NCT03305952 · Status: UNKNOWN · Phase: NA · Type: INTERVENTIONAL · Enrollment: 72

Last updated 2017-10-10

No results posted yet for this study

Summary

There is a growing number of evidence of how mindfulness training enhances psychological and physical well-being and coping strategies in patients with oncological illnesses. However, there are very few studies analyzing the efficacy of Compassion-Based Interventions on breast cancer survivors.

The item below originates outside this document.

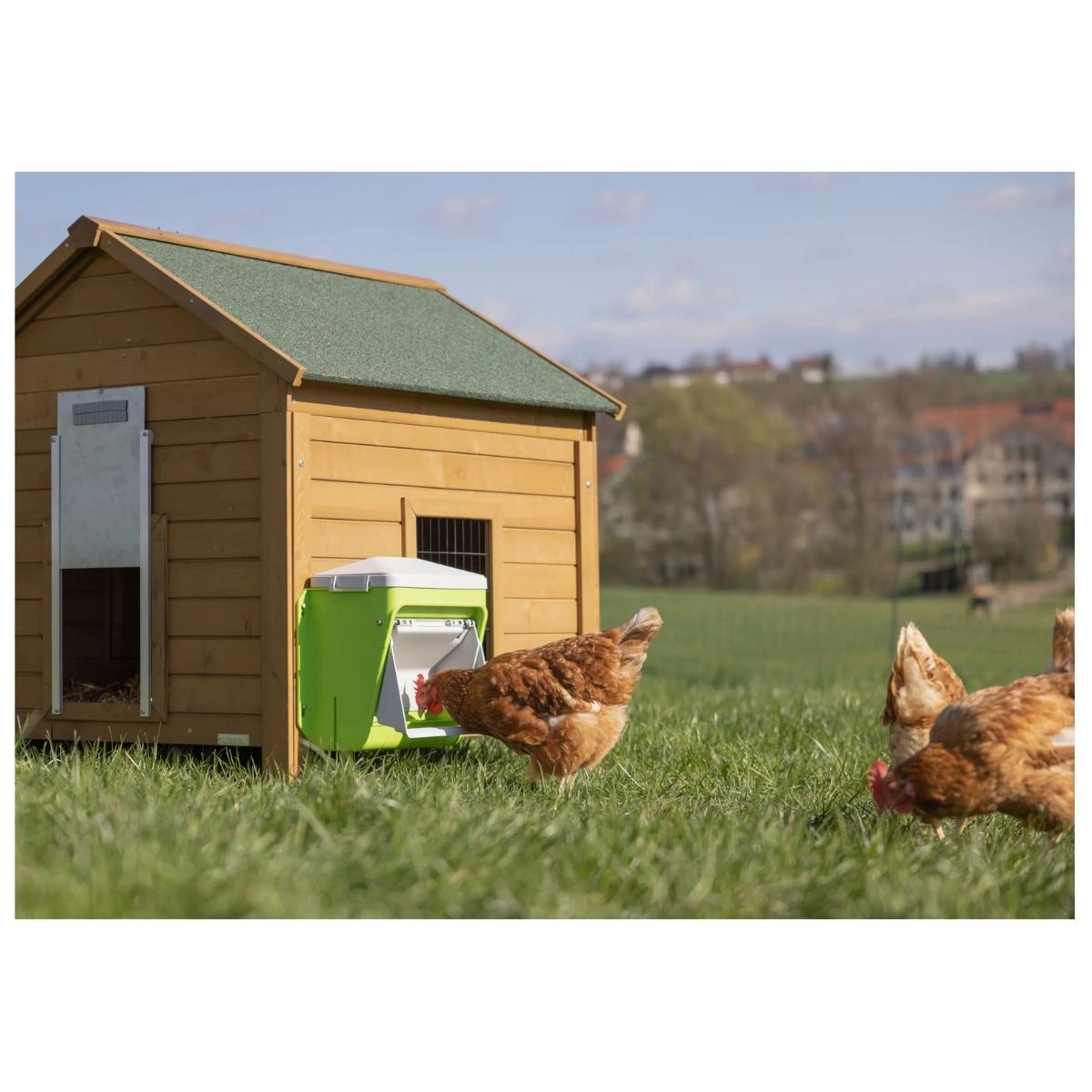 Ruoka-automaatti SmartCoop 7,5kg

The goal of this study is to analyze enrollment, participant satisfaction and adherence to program and differences in psychological well-being, health related quality of life, fear of illness recurrence, compassion and self-compassion variables after a Compassion-Based Intervention in a Spanish breast cancer survivor sample.

This study is a randomized clinical trial of a secularized intervention called Cognitively-Based Compassion Training (CBCT). Subjects (n = 58) were randomly assigned to CBCT (n = 28) or a treatment as usual control group (TAU) (n = 28). Participants in the CBCT intervention condition were asked to meet weekly for a two (2) hour long session during two months. Pre-post-intervention and six month follow-up measures took place to evaluate: psychological well-being (somatic, depressive, and anxious symptomatology), health related quality of life (physical, social, emotional, and functional); psychological stress, coping strategies and triggering cognitions linked to cancer recurrence fear, self-compassion, compassion and mindfulness and awareness in both intervention and wait list groups.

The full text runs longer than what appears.